# Alternatives to mathematical Platonism (1)

In my last post, I outlined the view of mathematical Platonism taken by Roger Penrose and other mathematicians. Briefly, in the words of Joel Spencer, “Mathematics is there. It’s beautiful. It’s this jewel we uncover” (quoted in The Man Who Loved Only Numbers, p 27).

Uncovering hidden jewels (James Tissot).

However, some modern mathematicians feel that the time for such ideas is past. In the words of Brian Davies, “It is about time that we … ditched the last remnant of this ancient religion” (in his article “Let Platonism die,” European Mathematical Society Newsletter, June 2007).

One alternative commonly presented is Empiricism. Santa Claus and the Tooth Fairy do not exist, and neither do infinite decimals, or perfect circles, or the set of all natural numbers. Only the physical universe exists. In the words of astronomer Carl Sagan, “The Cosmos is all that is or ever was or ever will be” (the opening sentence of his book Cosmos). Our only truly certain knowledge is physics, and mathematics is in fact a branch of physics. When we say that 2 + 2 = 4, we are not talking about a relationship between Platonic number-objects. Instead, what we mean – and all that we mean – is the empirical truth that two atoms plus two atoms gives four atoms, and likewise for stars, rocks, or people. “Four” is not a noun, it’s an adjective.

The empiricist point of view seems to solve the mystery of the “unreasonable effectiveness of mathematics.” Mathematics is just part of physics, and it isn’t surprising that different branches of physics agree with each other. Empiricism also avoids the need to postulate a “soul” or some other mechanism for peering into an ethereal Platonic world.

Conic sections in theory and practice.

There are two problems with the empiricist point of view, however. First, it isn’t true to the history of mathematics. Galileo used parabolas to describe the motion of falling objects, but the ancient Greeks had originally described parabolas in a quite different context, that of conic sections. Similarly, imaginary numbers were originally discussed without the slightest idea that centuries later they would become a fundamental part of quantum theory. There’s still a mystery there: why should mathematics from one context work so well in another?
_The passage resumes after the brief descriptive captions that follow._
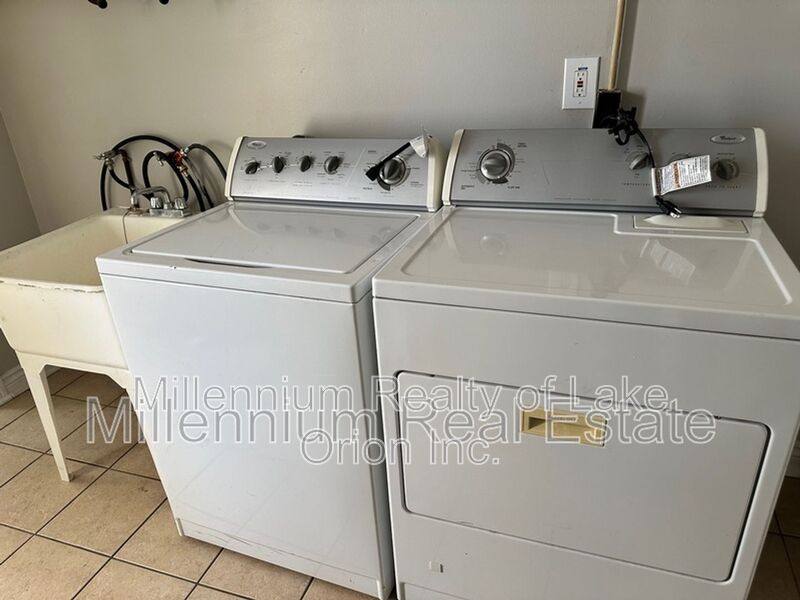 House for rent at 3185 Buckingham Ave, Berkley, MI 48072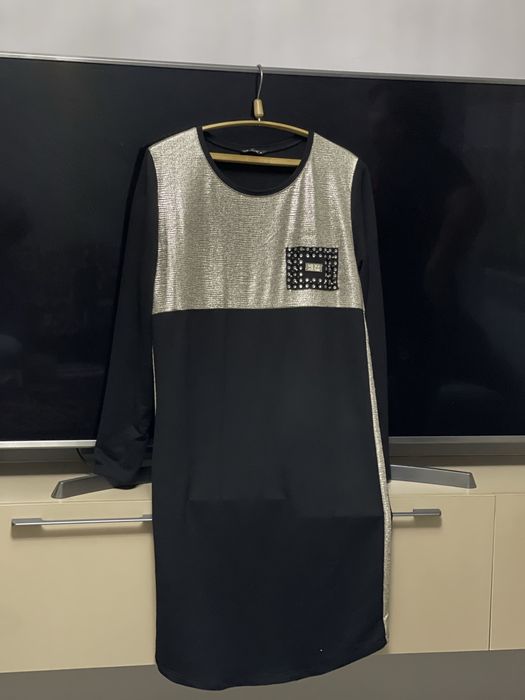 Платья вечерние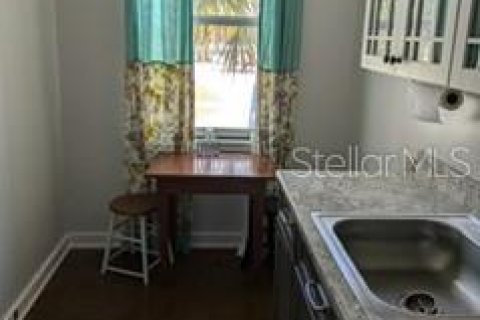 Commercial property in Pomona Park, Florida 1458.94 sq.m. № 1691064 - photo 1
The second problem is that scientific truths are contingent. We could, for example, live in a world where plants were purple. The fundamental forces of physics could be different from the way they are (although that could imply a lifeless universe). We can even imagine a universe containing no matter at all, only empty space. The laws of mathematics, however, could not have been different – they are necessary. It is impossible to imagine – at least, to imagine consistently – a universe in which 2 + 2 = 5. Even God cannot make 2 + 2 = 5. This indicates that there must be more to mathematical truth than just physics. Statements about mathematics, such as “2 + 2 = 4” are in a different category to statements about the universe, such as “light travels at 299,792,458 metres per second.” But if that is the case, then mathematical truth must in some sense lie outside the universe – which brings us back to Platonism.